てくてく工房一級建築士事務所の最新ニュース記事・新着情報。無双釘 (2022-10-14)について

無双釘

茶室の床の間に用いる役釘の中に、無双釘というものがあります。
床の間正面に打ち花生けに用いる釘で、軸を飾るときには釘が引っ込む仕様になっています。
この釘は、度々釘を動かす都合で破損しやすく、いずれ取替えが必要になりやすいため、将来の取替えのために下地に工夫を施します。
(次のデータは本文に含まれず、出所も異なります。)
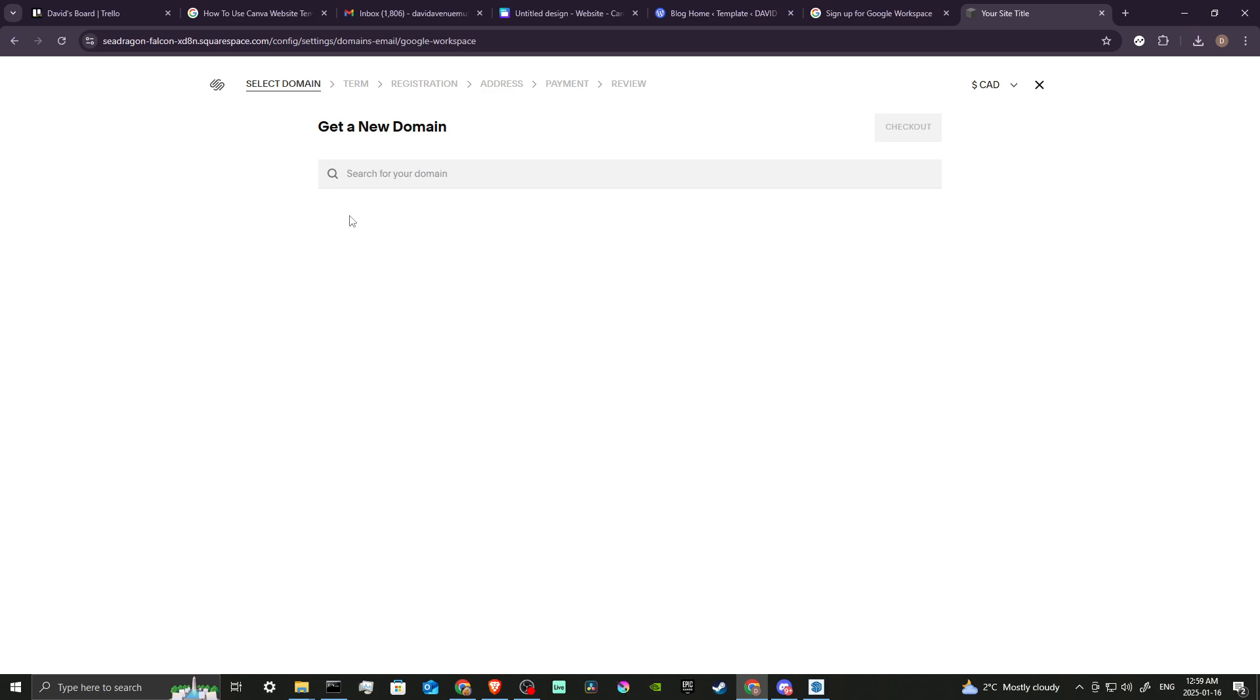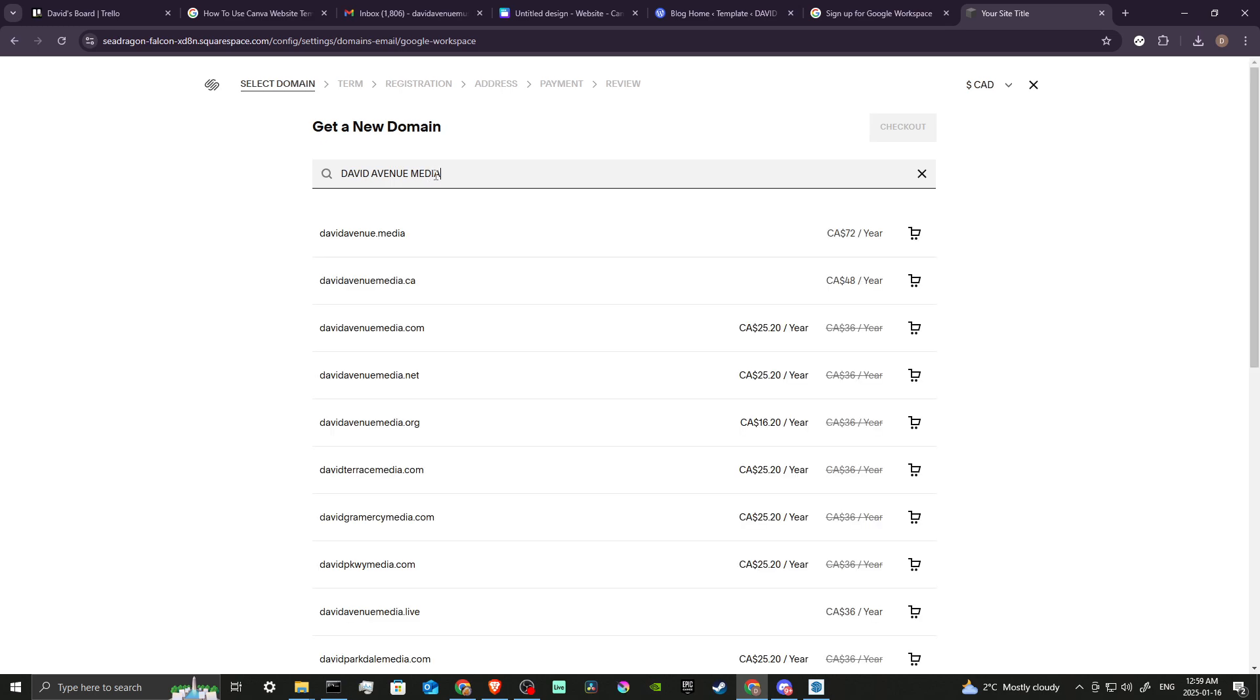And we're going to search for our domain. Now keep in mind, in order to get a domain it is going to require a payment. And so you could see here that we have a few options and the prices range, and you could see the different prices here.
一般的に茶室の内壁は左官仕上げである場合が多く、壁に打ち込んだ釘を取り替えるとなると、その左官仕上げ丸ごとやり直さなくてはならないのですが、写真のように「木座」を設けてこの穴に釘を差し込んでおくことで、壁を傷つけずに釘だけを交換することができるのです。
しかしこの木座が厄介で、釘で隠れる大きさでかつ釘が外れない絶妙な締まり具合で穴をあける必要があり、かなりの技術を要します。
今回、職人さんは大変腕の良い方で、見事にこの美しい木座を仕上げてくださいました。
設計士としては、隠れてしまうのが勿体なく感じられ、見せたいくらいに素晴らしい出来映えと感心しきりなのでした。
※無双釘の写真は、今回採用させて頂いた室金物さんのものです。